(What you need to do)
Starting at the line that contains "ŠKODA Rapid Spaceback" and stopping after the line that contains "This spacious home", transcribe the listing below exactly; do not include any pictures.

(Given records)
───
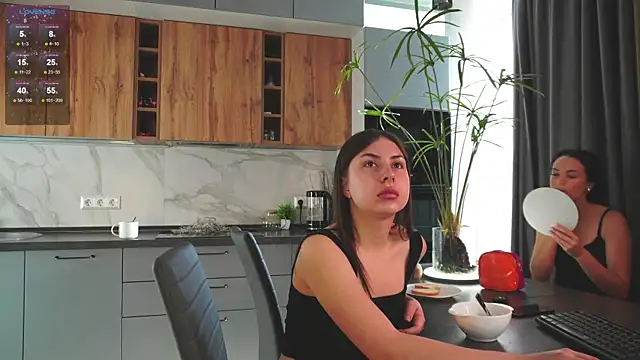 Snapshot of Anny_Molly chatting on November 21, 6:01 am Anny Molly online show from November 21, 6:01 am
───
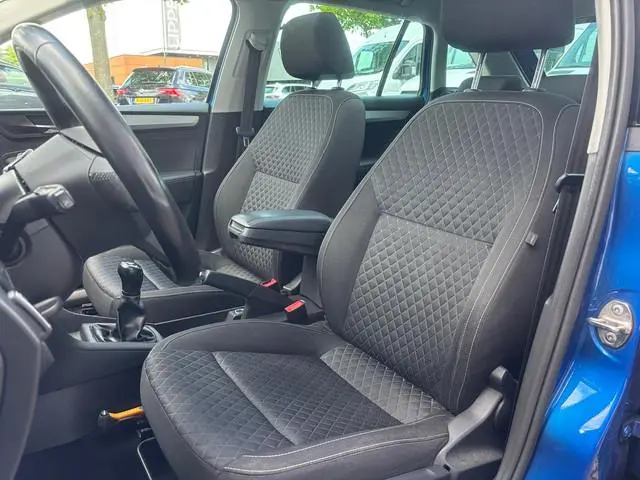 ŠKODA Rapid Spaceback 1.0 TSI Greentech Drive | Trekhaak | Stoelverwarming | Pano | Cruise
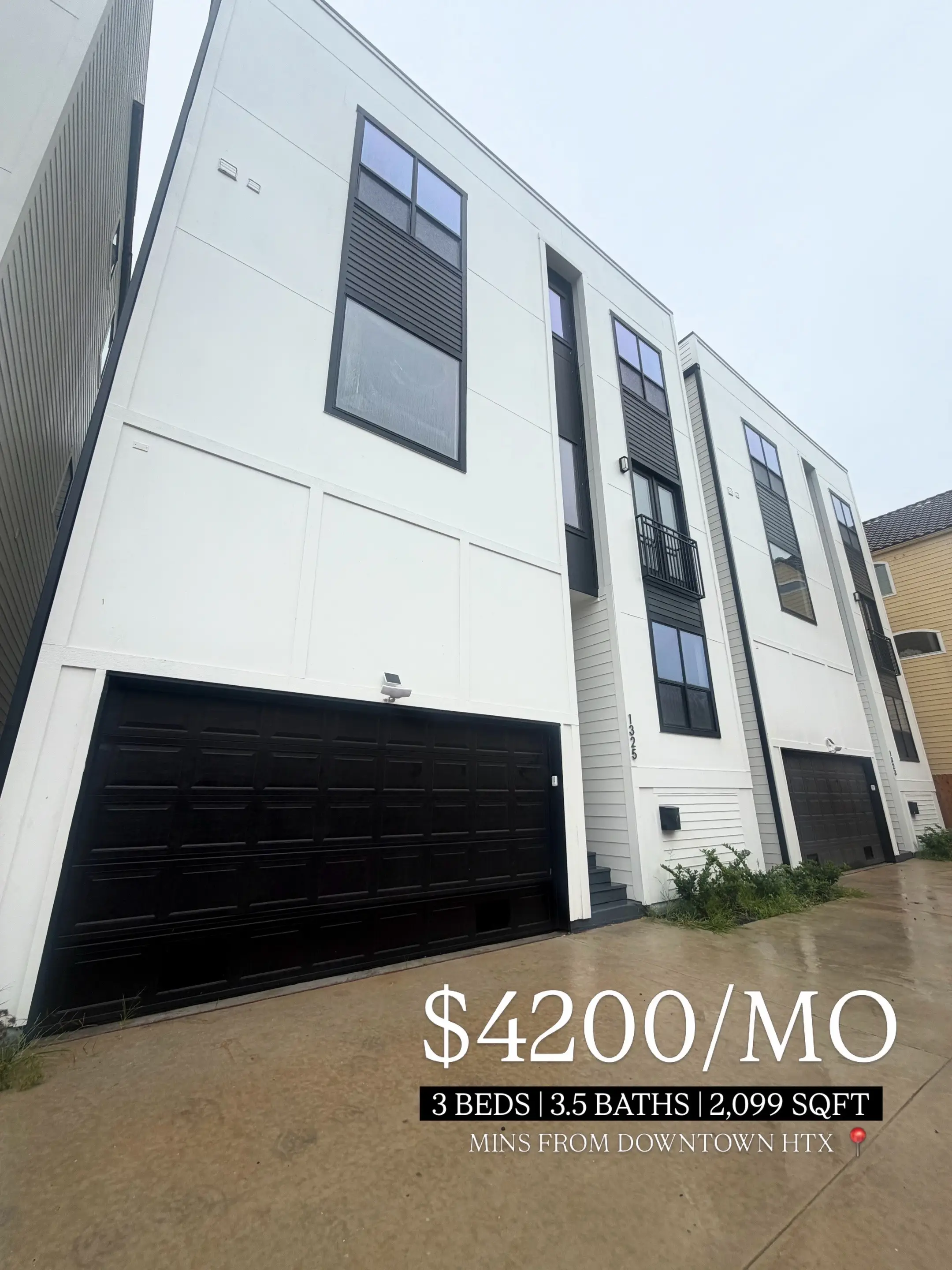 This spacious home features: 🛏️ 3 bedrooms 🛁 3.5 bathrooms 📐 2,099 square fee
───
(Written response)
 ŠKODA Rapid Spaceback 1.0 TSI Greentech Drive | Trekhaak | Stoelverwarming | Pano | Cruise
 This spacious home features: 🛏️ 3 bedrooms 🛁 3.5 bathrooms 📐 2,099 square fee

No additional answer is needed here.